Minors in Detention v. Honduras
Inter-American Commission on Human Rights
March 10, 1999
Other International Provisions:
American Convention on Human Rights, Articles 1 (obligation to respect rights), 5 (personal integrity), 7 (personal freedom), 8 (due process), 19 (rights of the child), 25 (judicial protection), 29, 46 and 50);
International Covenant on Civil and Political Rights, Articles 7 (prohibition of torture), 10 (deprivation of liberty);
United Nations Standard Minimum Rules for the Administration of Juvenile Justice, Rule 13 (pre-trial detention)
Amparo Law (Articles 32 and 33)
Child and Adolescent Code (Article 141)
Honduran Constitution (Articles 84, 119, 120, 122 and 182)
Juvenile Jurisdiction Law (Article 21)
Two non-profit organizations – the Center for Justice and International law (CEJIL) and the Asociación Casa Alianza – filed a complaint against Honduras on behalf of children who had been unlawfully arrested for non-criminal acts such as vagrancy and imprisoned alongside adults as authorised by the Honduran Supreme Court. Many of the children had been sentenced by criminal courts or magistrates rather than juvenile courts, and faced physical and sexual abuse while incarcerated.
Issue and resolution:
Juvenile justice; detention. The Commission agreed that Honduras had unlawfully arrested and incarcerated children in adult prisons, and made recommendations for Honduras to end the practices at issue.
Honduras had a well-established practice of allowing children to be deprived of their liberty and confined in adult prisons, which resulted in extensive violations of children's rights to liberty, humane treatment, a fair trial, and judicial protection under the American Convention on Human Rights. In examining these violations, the Commission looked to Honduras's obligations under the Convention on the Rights of the Child for guidance.
As such, the Commission urged Honduras, among other things, to adopt measures to prevent the unlawful detention of children, investigate and punish those responsible for this detention, and provide reparations to children whose rights had been violated.

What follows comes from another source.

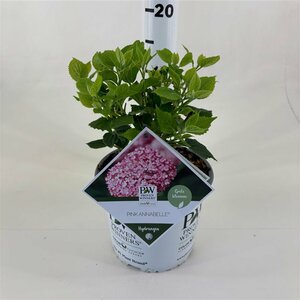 Hydrangea arbor. 'Pink Annabelle'®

Excerpts citing CRC and other relevant human rights instruments:
2. The petitioners argued that this practice was in violation of Article 122, paragraph 2 of the Constitution of Honduras, which stipulates that "No juvenile under the age of 18 shall be confined in a jail or prison", and Article 37 of the United Nations Convention on the Rights of the Child, which provides that "...every child deprived of liberty shall be separated from adults."

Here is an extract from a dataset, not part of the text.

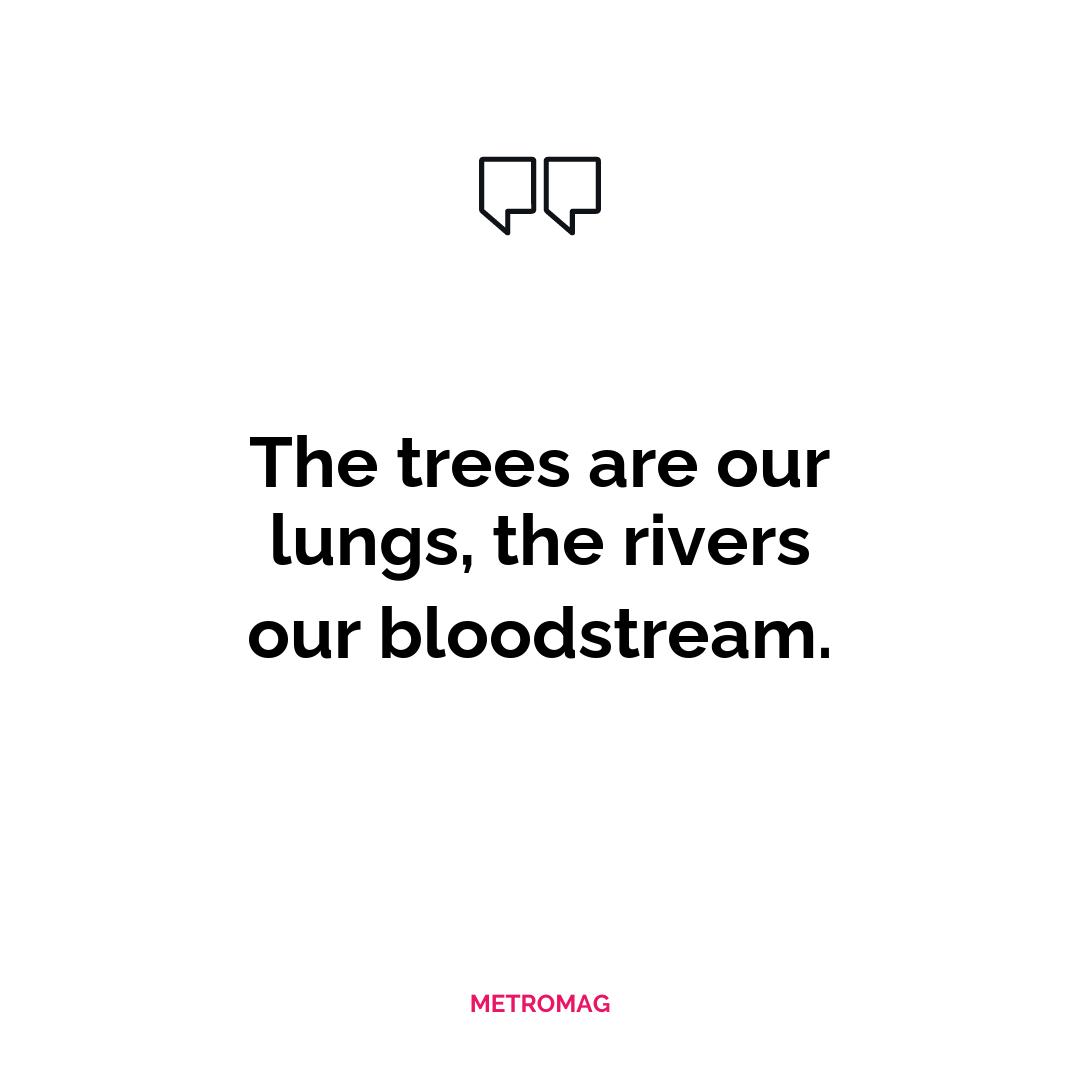 The trees are our lungs, the rivers our bloodstream.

9. The petitioners alleged that the juveniles' physical integrity was imperiled and that the situation was contrary to all international laws governing the detention of minors, among them: Articles 5, 7, 19 and 29(b) of the American Convention on Human Rights (hereinafter "the American Convention" or "the "Convention"); Articles 7 and 10(b) of the International Covenant on Civil and Political Rights; Articles 3(1), 19(1) and, especially, 37 of the Convention on the Rights of the Child; and Article 13(4) of the United Nations Standard Minimum Rules for the Administration of Juvenile Justice (Beijing Rules).
72. For an interpretation of a State's obligations vis-a-vis minors, in addition to the provision of the American Convention, the Commission considers it important to refer to other international instruments that contain even more specific rules regarding the protection of children. Those instruments include the Convention on the Rights of the Child and the various United Nations declarations on the subject. This combination of the regional and universal human rights systems for purposes of interpreting the Convention is based on Article 29 of the American Convention and on the consistent practice of the Court and of the Commission in this sphere.
73. As for the detention of juveniles alongside adults, Article 37(c) of the United Nations Convention on the Rights of the Child, which was ratified by Honduras on August 10, 1990, states that "... every child deprived of liberty shall be separated from adults unless it is considered in the child's best interest not to do so..."
110. Depriving a minor of his liberty unlawfully, even if it be for a criminalized offense, is a serious violation of human rights. The State cannot argue the need to protect the child as grounds for depriving him of his liberty or of any other rights inherent in his person. Minors cannot be punished because they are at risk, that is to say, that because they need to work to earn a living, or because they have no home and thus have to live on the streets. Far from punishing minors for their supposed vagrancy, the State has a duty to prevent and rehabilitate and an obligation to provide them with adequate means for growth and self-fulfillment. In this connection, Article 39 of the Convention on the Rights of the Child states that:
States Parties shall take all appropriate measures to promote physical and psychological recovery and social reintegration of a child victim of: any form of neglect, exploitation, or abuse, torture or any other form of cruel, inhuman or degrading treatment or punishment ... Such recovery and reintegration shall take place in an environment which fosters the health, self-respect and dignity of the child.
115. Article 37 of the Convention on the Rights of the Child also provides that "the arrest, detention or imprisonment of a child ... shall be used only as a measure of last resort."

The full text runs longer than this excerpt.